Cold Case in Ellyson - AbeBooks - Susan Anderson:

Under these circumstances, case law overwhelmingly dictates that the Court will treat the convictions as ones for felony murder, and dismiss the underlying felonies. He admits that counsel for both sides may discuss reasonable inferences from the evidence, and we will find error only if a grossly unwarranted argument affects the defendant's rights. The presentation included photos of the burning home, Harry at the hospital, and Teresa's remains at the scene.
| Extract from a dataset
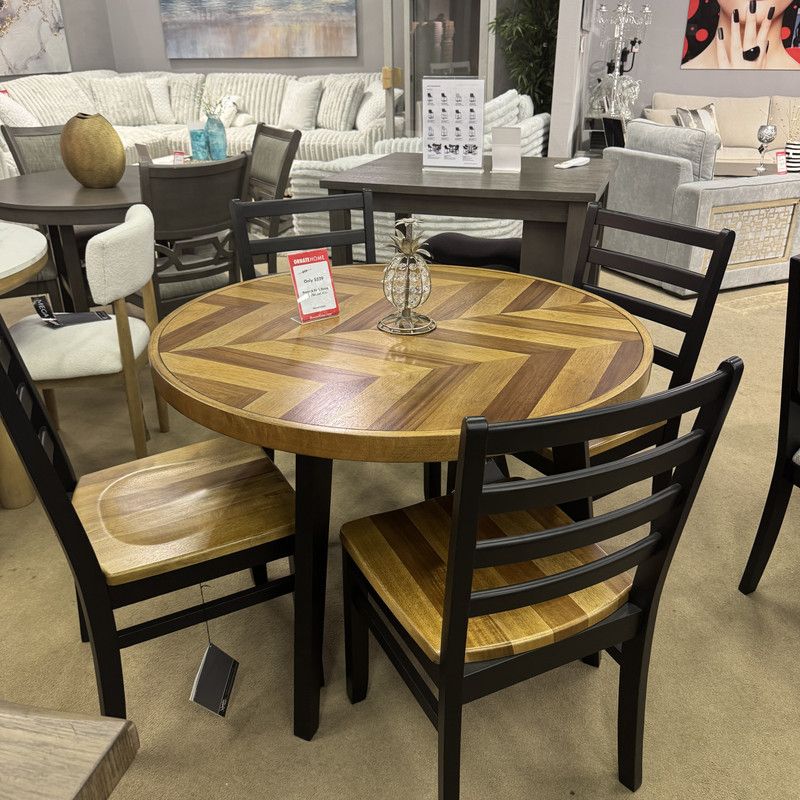 Brown and Black Round Dining Room Set (Set of 5)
We have already determined that the photographs used in this presentation were properly admitted see Proposition VII. Exhibits properly admitted at trial may be used in closing argument. Browning failed to object, waiving all but plain error. This Court has upheld similar arguments which describe a victim's experience. As it neither manipulates nor misstates the evidence, there is no plain error. This cured any error.

BROWNING v. STATE

His objections to the two former terms were overruled, and he failed to object to the other comment. We have looked on name-calling with disfavor as an unwarranted expression of personal opinion. During the first stage closing, prosecutors referred to Browning's theory of defense as ridiculous, absolutely preposterous, and half-baked. Later, the State said Browning was desperate and would blame anyone to get out of trouble. The prosecutor also argued Browning blamed the crime on everyone who took the stand.

Browning did not object to these comments and has waived all but plain error. These are all reasonable inferences from the evidence.